Departure deemed 'friendly and amicable'
ThinkFilm founder and prexy Jeff Sackman is leaving the indie distrib he built in 2001 with a coterie of former Lionsgate execs.
Sackman’s departure is not surprising, insiders say, given recent developments within the company.
In late 2006, Los Angeles-based entrepreneur David Bergstein and mogul Ron Tutor’s Capco bought ThinkFilm for an undisclosed amount. Bergstein made no secret of his intentions to anchor the company in New York and Los Angeles, with the Toronto office focusing on Canadian distribution.
Sackman, who’s based in Toronto, characterized the parting as friendly and amicable. “It comes down to a number of things,” he said. “The functions of the Toronto office are transitioning to L.A. We’ve shut down our Canadian operation, and I decided this era is over for me.”
To comply with Canadian laws on foreign ownership, ThinkFilm made an exclusive output deal with Canuck distrib Entertainment One and its affiliate Seville Pictures in March.
The deal, which covers titles in Canada through 2010, also includes Think’s library of some 235 titles, including docs such as Academy Award winners “Taxi to the Dark Side” and “Born Into Brothels,” Oscar nominee “Spellbound,” as well as critically acclaimed arthouse fare such as “Before the Devil Knows You’re Dead” and “Half Nelson.”
Once the deal with Entertainment One was completed, Sackman said there was little reason to keep the Toronto office going. It’s unclear how long it will remain open.

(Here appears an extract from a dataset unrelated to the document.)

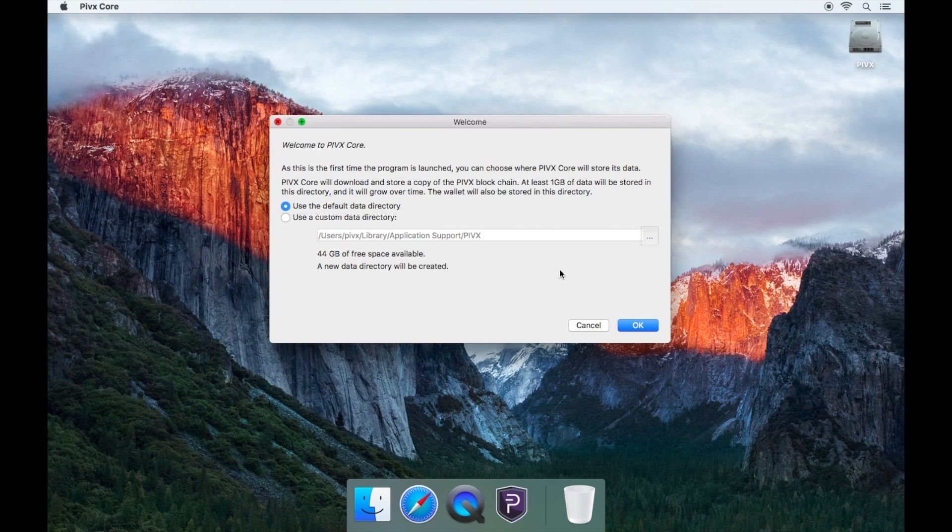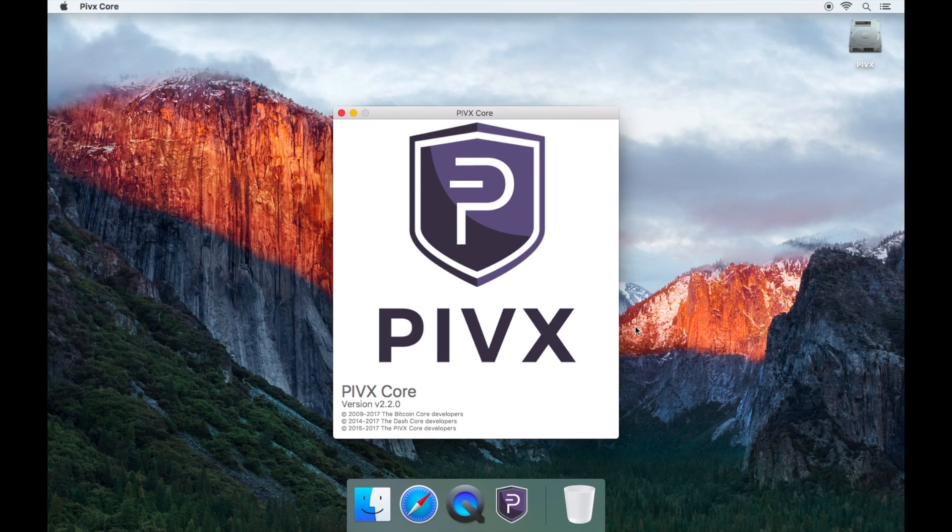It will now ask you where you'd like to store the directory. Keep this as default. Click next and wait for the wallet to fully sync.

Bergstein and ThinkFilm’s head of U.S. distribution Mark Urman declined to comment.
It has been anticipated that with fresh funds from Capco, Think could start making plays for larger acquisitions, perhaps leaving the edgier arthouse fare for more intrepid distributors. Still, Sundance 2008 pickups such as “Phoebe in Wonderland,” “Momma’s Man,” “The Escapist” and “The Last Word” don’t seem to signify a major vision change for the distributor.

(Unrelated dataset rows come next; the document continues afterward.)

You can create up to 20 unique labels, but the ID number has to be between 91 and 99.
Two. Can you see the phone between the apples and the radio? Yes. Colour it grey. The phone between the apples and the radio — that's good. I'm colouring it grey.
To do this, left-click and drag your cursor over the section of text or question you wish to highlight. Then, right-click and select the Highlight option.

Sackman was vague about his next move but indicated his intention to consult for ThinkFilm at least for the foreseeable future and said he would remain in Toronto.
“We were able to succeed in a nontraditional way,” Sackman said, “and succeed in Canada with a primary focus in the United States. It just shows it doesn’t matter where you are but what you do and who you’re with.”
Sackman is no stranger to startup operations. After joining distrib Cinepix Film Properties, exec veep Sackman moved the company into U.S. distribution in the ‘90s. Cinepix merged into Vancouver’s sales and distribution firm (then named) Lions Gate Films in 1998, with Sackman as prexy. Under his tenure, Lions Gate Films moved into the U.S. and revenues for the publicly traded company grew from $6 million to $125 million. Lions Gate Entertainment moved offices to the U.S., and Jon Feltheimer was appointed prexy in 2000; Sackman left the film division to create ThinkFilm.
From inception, Think’s strategy was to distribute movies in the U.S. The location of its headquarters simply reflected owners Sackman and Robert Lantos’ desire to continue to live in Canada. ThinkFilm’s Canadian ties allowed it to distribute in-country.
“Think will continue on its path, and life will unfold how it does,” Sackman said. “I’m an entrepreneur; I built this company and worked like a dog. I’m going to take a couple of breaths.”